(Short descriptive text snippets)
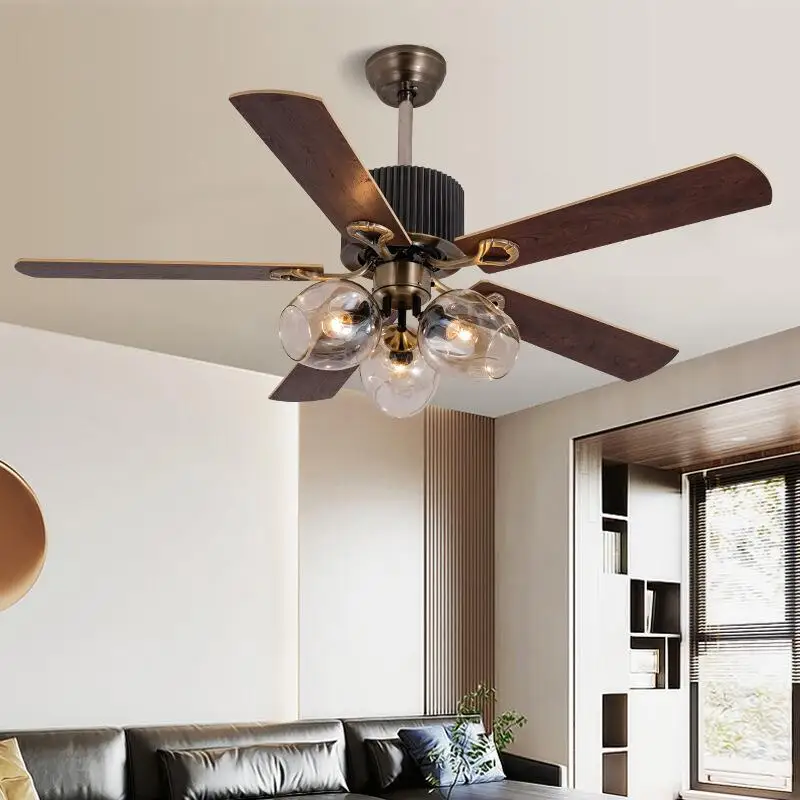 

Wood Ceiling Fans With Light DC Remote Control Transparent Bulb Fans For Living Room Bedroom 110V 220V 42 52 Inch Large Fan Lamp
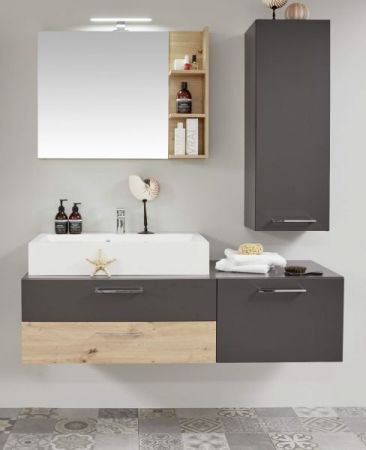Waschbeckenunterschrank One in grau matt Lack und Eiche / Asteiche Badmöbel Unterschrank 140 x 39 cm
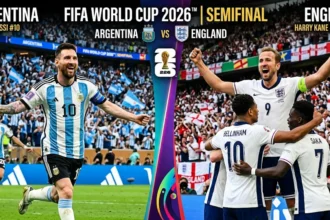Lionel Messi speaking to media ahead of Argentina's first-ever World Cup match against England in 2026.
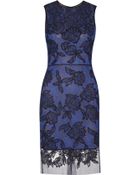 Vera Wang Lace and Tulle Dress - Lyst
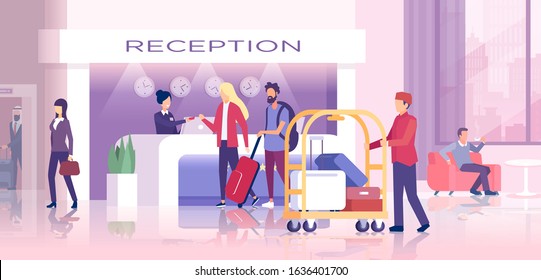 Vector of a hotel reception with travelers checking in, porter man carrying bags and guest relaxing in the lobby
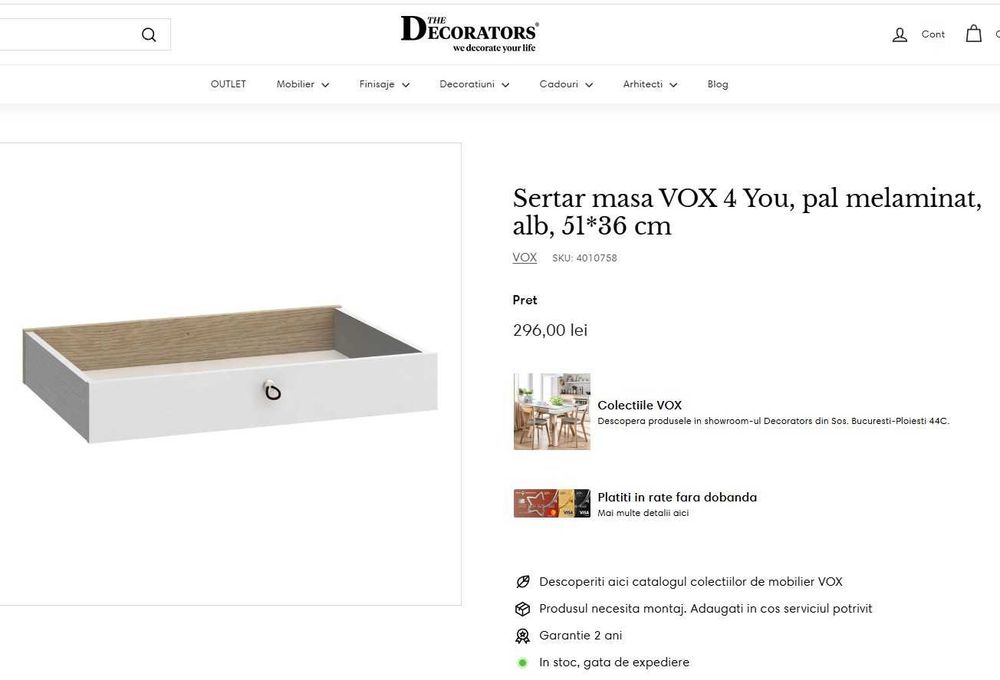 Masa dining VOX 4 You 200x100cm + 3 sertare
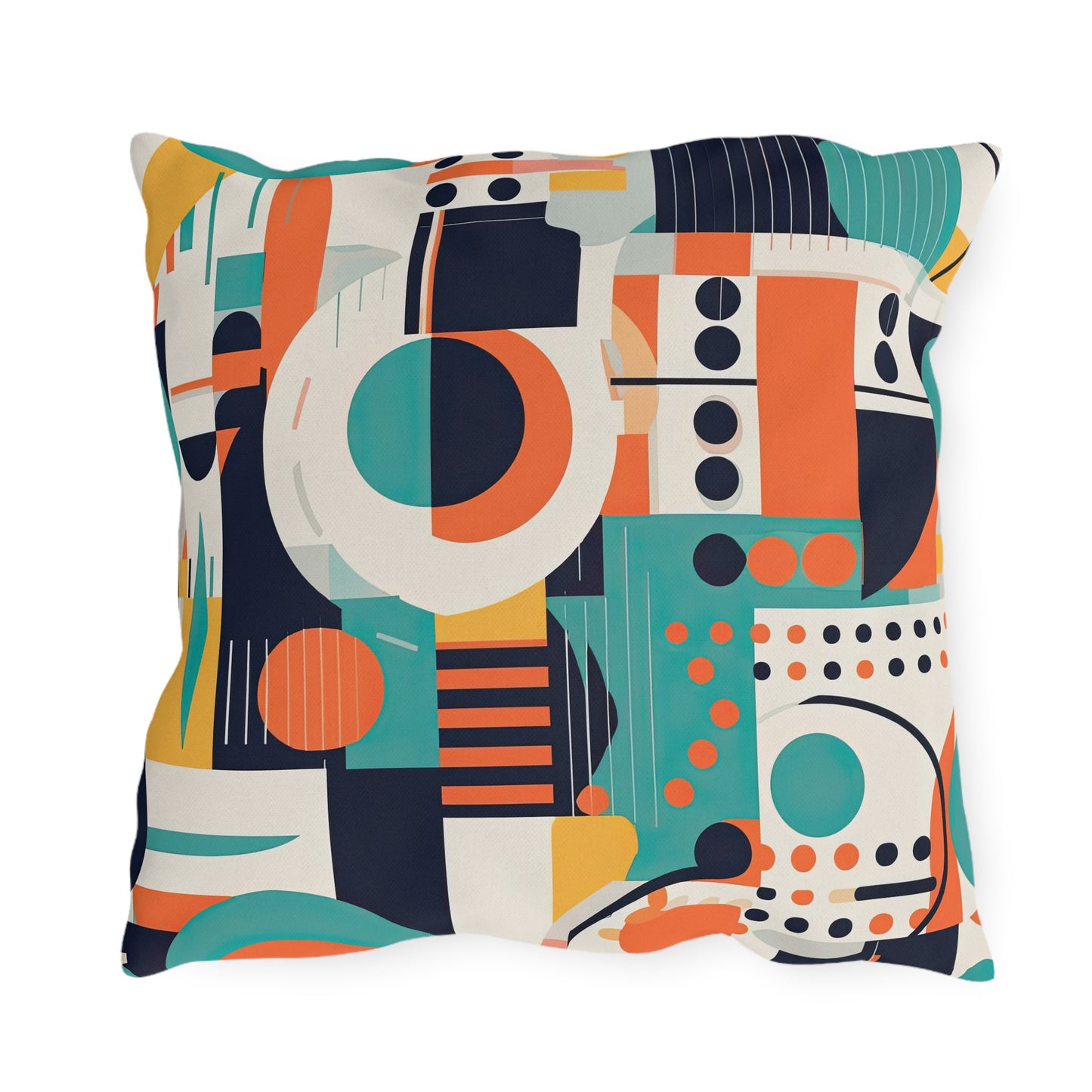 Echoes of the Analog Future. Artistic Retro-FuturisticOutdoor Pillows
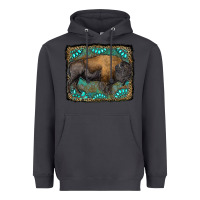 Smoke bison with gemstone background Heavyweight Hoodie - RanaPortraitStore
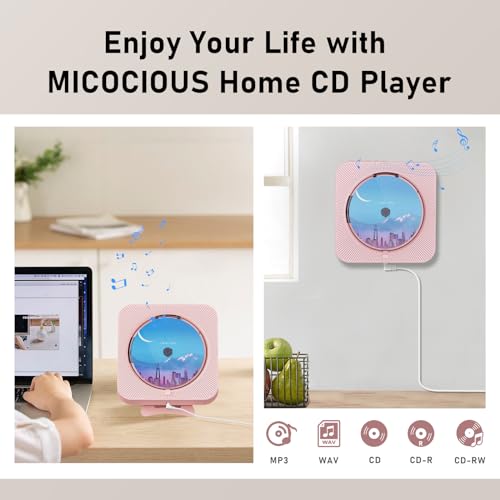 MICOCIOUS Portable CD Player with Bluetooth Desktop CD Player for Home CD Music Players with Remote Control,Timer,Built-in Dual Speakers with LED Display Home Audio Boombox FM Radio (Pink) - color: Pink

Exercise prompt: Apart from the pictures, every line above must be repeated exactly.

Solution for this task:
Wood Ceiling Fans With Light DC Remote Control Transparent Bulb Fans For Living Room Bedroom 110V 220V 42 52 Inch Large Fan Lamp
Waschbeckenunterschrank One in grau matt Lack und Eiche / Asteiche Badmöbel Unterschrank 140 x 39 cm
Lionel Messi speaking to media ahead of Argentina's first-ever World Cup match against England in 2026.
 Vera Wang Lace and Tulle Dress - Lyst
 Vector of a hotel reception with travelers checking in, porter man carrying bags and guest relaxing in the lobby
 Masa dining VOX 4 You 200x100cm + 3 sertare
 Echoes of the Analog Future. Artistic Retro-FuturisticOutdoor Pillows
 Smoke bison with gemstone background Heavyweight Hoodie - RanaPortraitStore
 MICOCIOUS Portable CD Player with Bluetooth Desktop CD Player for Home CD Music Players with Remote Control,Timer,Built-in Dual Speakers with LED Display Home Audio Boombox FM Radio (Pink) - color: Pink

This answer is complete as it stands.